Required action:
Once you reach the line with "3220 W Chateau" in the material below, copy each line exactly up to and including the line with "3rd image of 18716 Seaforth St", and skip the pictures.

Material for this task:
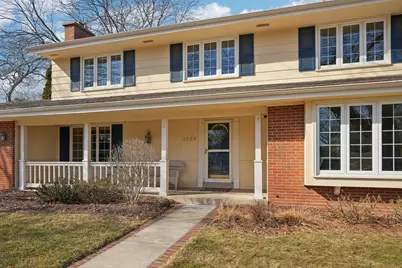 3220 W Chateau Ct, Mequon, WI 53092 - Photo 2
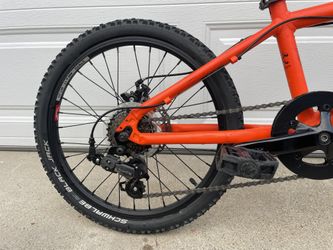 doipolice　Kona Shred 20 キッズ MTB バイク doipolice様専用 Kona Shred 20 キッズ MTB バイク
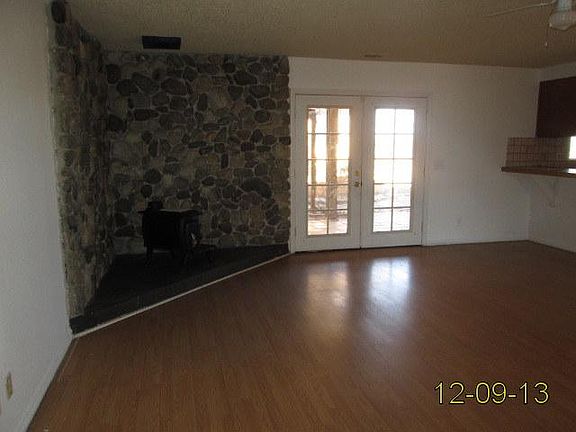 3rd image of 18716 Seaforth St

==

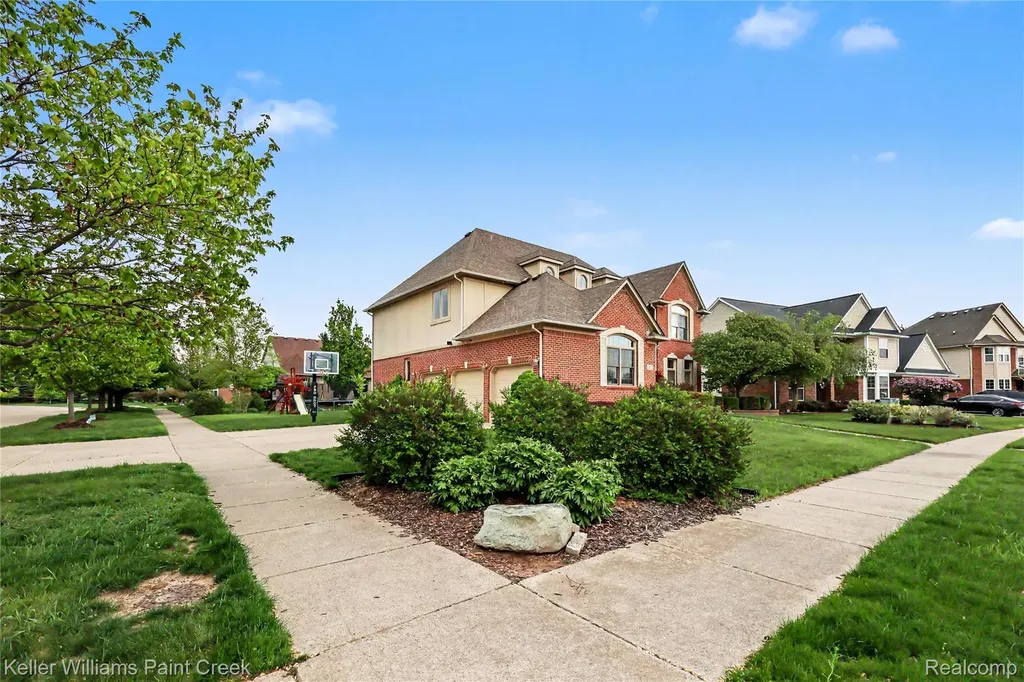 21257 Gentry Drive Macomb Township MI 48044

Answer:
 3220 W Chateau Ct, Mequon, WI 53092 - Photo 2
 doipolice　Kona Shred 20 キッズ MTB バイク doipolice様専用 Kona Shred 20 キッズ MTB バイク
 3rd image of 18716 Seaforth St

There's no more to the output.